COGNITIVE_ACTIONS_EXECUTE_URL = "https://api.cognitiveactions.com/actions/execute" # Hypothetical endpoint
action_id = "10e7fc2f-bc74-4c54-b7c4-10a81f9af2dc" # Action ID for Enhance Word Timestamps with Whisper
# Construct the input payload based on the action's requirements
payload = {
"model": "base",
"audioUrl": "https://replicate.delivery/pbxt/IZjTvet2ZGiyiYaMEEPrzn0xY1UDNsh0NfcO9qeTlpwCo7ig/lex-levin-4min.mp3",
"temperature": 0,
"suppressTokens": "-1",
"wordTimestamps": false,
"logProbThreshold": -1,
"noSpeechThreshold": 0.6,
"appendPunctuations": "\"'.。,,!!??::”)]}、",
"prependPunctuations": "\"'“¿([{-",
"conditionOnPreviousText": true,
"compressionRatioThreshold": 2.4,
"temperatureIncrementOnFallback": 0.2
}
headers = {
"Authorization": f"Bearer {COGNITIVE_ACTIONS_API_KEY}",
"Content-Type": "application/json"
}
try:
response = requests.post(
COGNITIVE_ACTIONS_EXECUTE_URL,
headers=headers,
json={"action_id": action_id, "inputs": payload} # Hypothetical structure
)
response.raise_for_status() # Raise an exception for bad status codes (4xx or 5xx)
result = response.json()
print("Action executed successfully:")
print(json.dumps(result, indent=2))
except requests.exceptions.RequestException as e:
print(f"Error executing action {action_id}: {e}")

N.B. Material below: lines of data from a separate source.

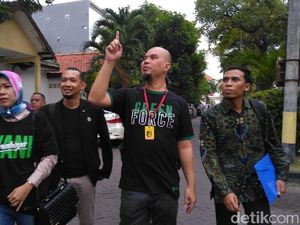 Ngendon di Polisi, Bagaimana Kabar Kasus Persekusi Ahmad Dhani? Ngendon di Polisi, Bagaimana Kabar Kasus Persekusi Ahmad Dhani?
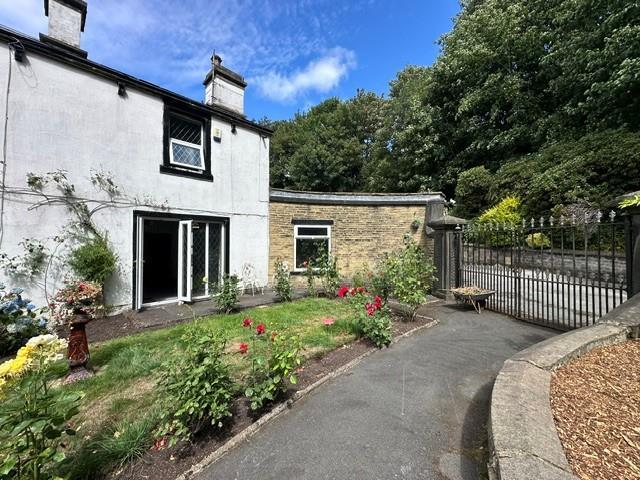 2 bed Cottage for rent in Stump Cross. From Peter David Properties - Halifax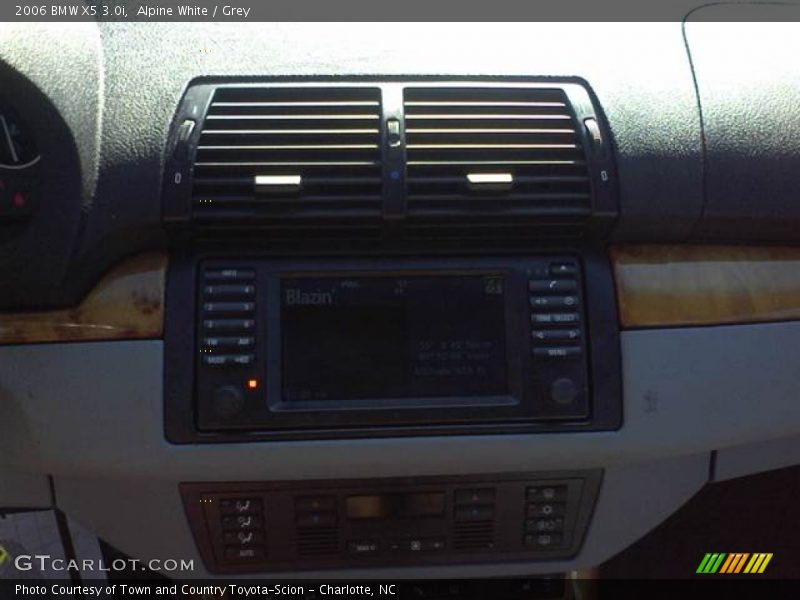 Alpine White / Grey 2006 BMW X5 3.0i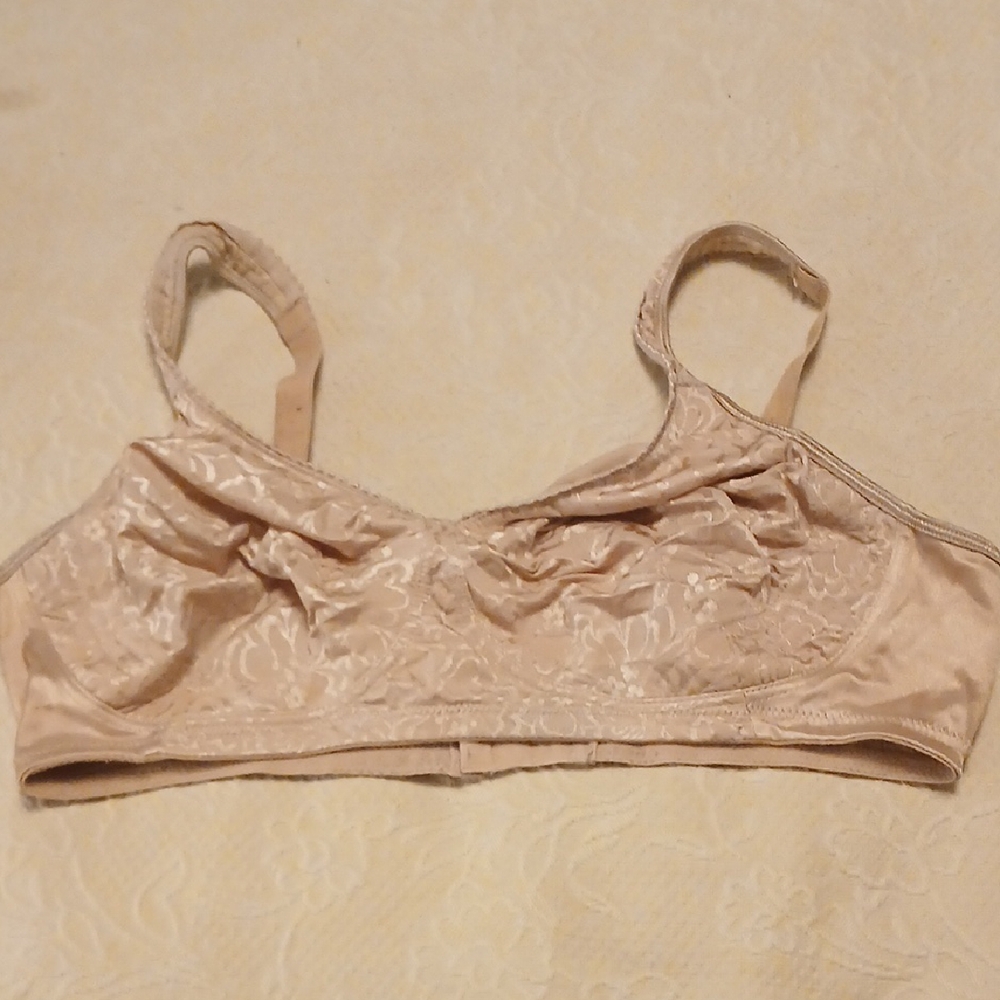 Playtex 18 Hour Ultimate Lift And Support Bra 42D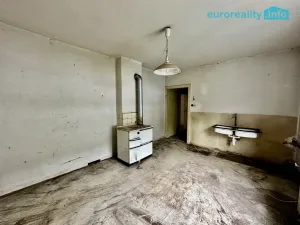 Prodej bytu 2+1, Nejdek, náměstí Karla IV., 70 m2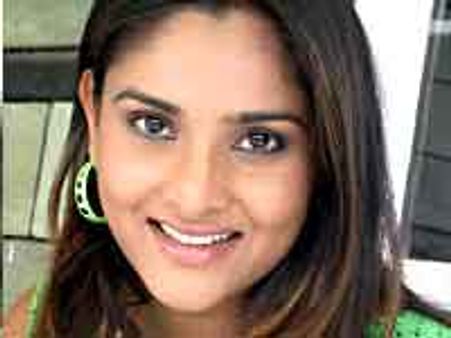 ವ್ಯಂಗ್ಯ ಚಿತ್ರ ಪ್ರದರ್ಶನ ಉದ್ಘಾಟಿಸಿದ ರಮ್ಯಾ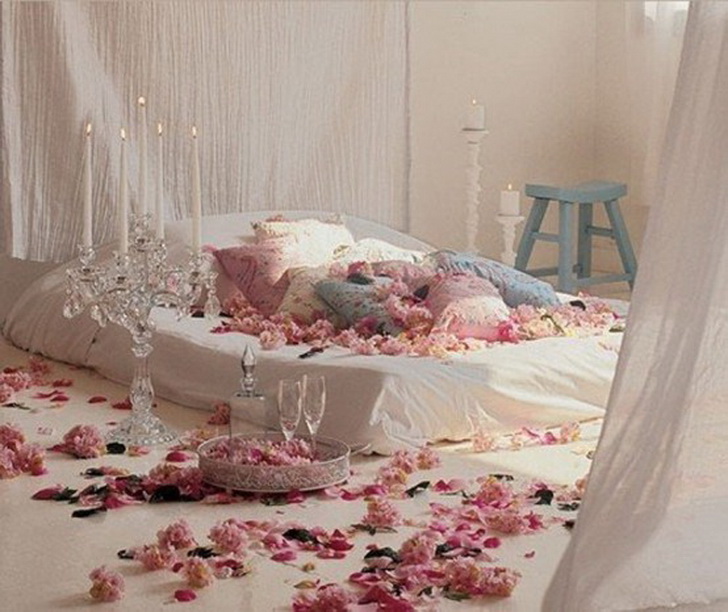 95a8350488456ae69dace2ef68aa77b9 Newlyweds bedrooms Decoration ideas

if e.response is not None:
print(f"Response status: {e.response.status_code}")
try:
print(f"Response body: {e.response.json()}")

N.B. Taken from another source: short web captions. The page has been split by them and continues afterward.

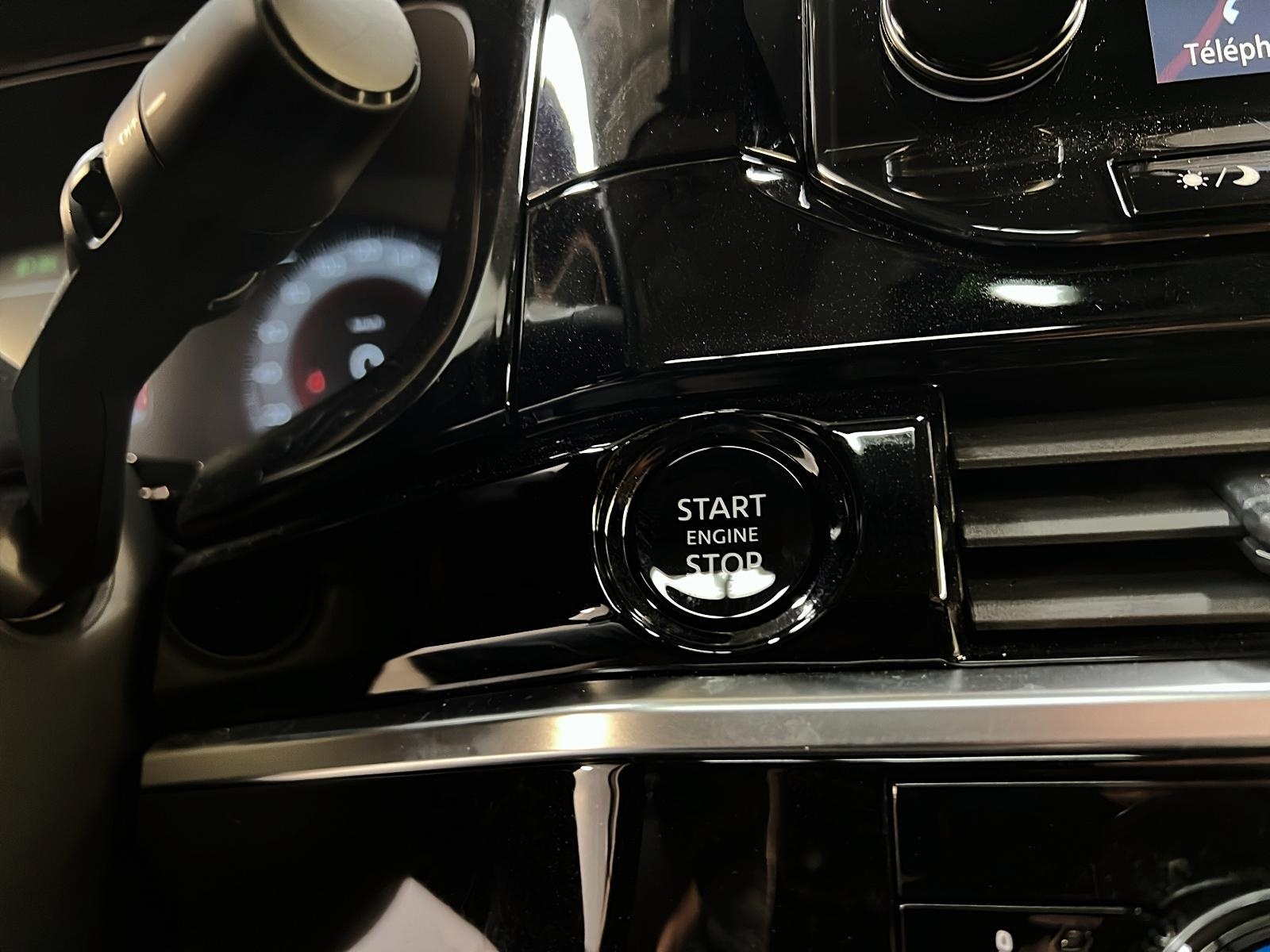 Nissan Pathfinder PLATINUM CUIR TOIT PANO NAV 4RM 2025 - image #22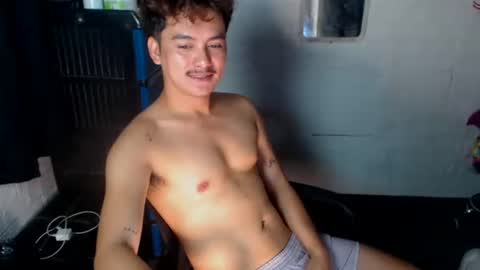 Snapshot of tempting_jon chatting on April 9, 2:33 am tempting_jon online show from April 9, 2:33 am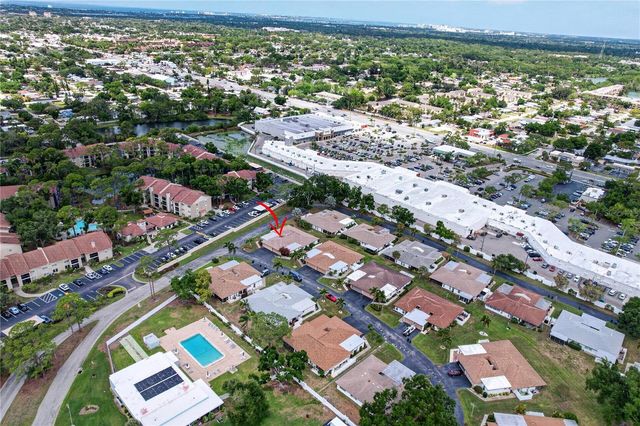 3501 N VILLAGE COURT 220, Sarasota, FL 34231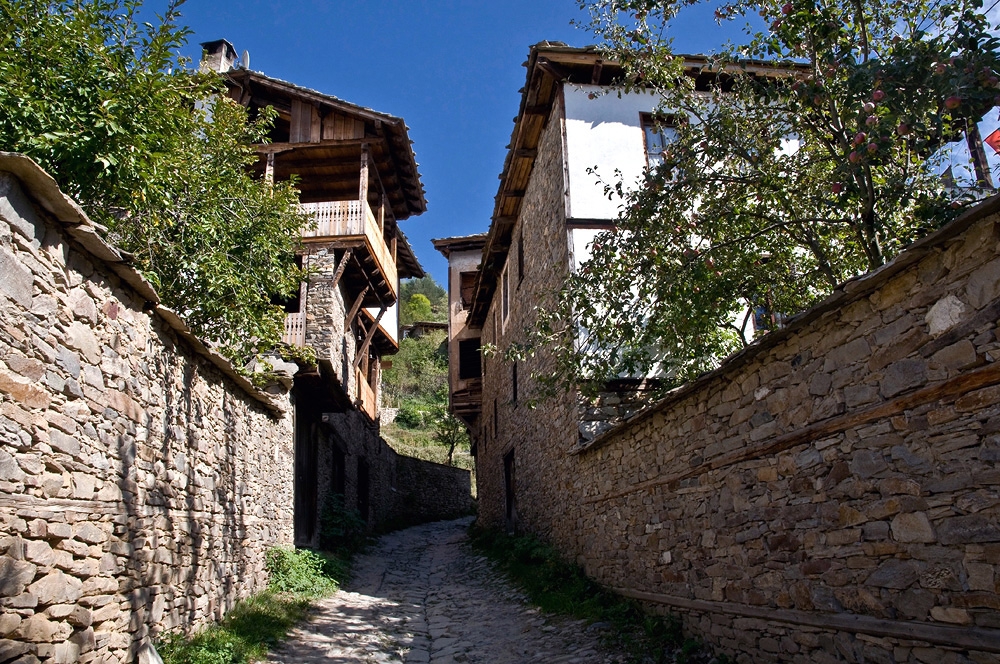 По старите улички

except json.JSONDecodeError:
print(f"Response body: {e.response.text}")
In this code snippet, replace the placeholder for your API key and ensure the endpoint URL is accurate. The input payload is structured as per the requirements, and the response will provide the enhanced timestamps along with the transcription.
Conclusion
The Enhance Word Timestamps with Whisper action empowers developers to produce more accurate audio transcriptions, enhancing user experiences in applications that rely on precise audio data. Exploring this action can lead to various exciting applications, from content creation to accessibility solutions. As you integrate this capability, consider experimenting with different models and parameters to optimize performance for your specific use cases. Happy coding!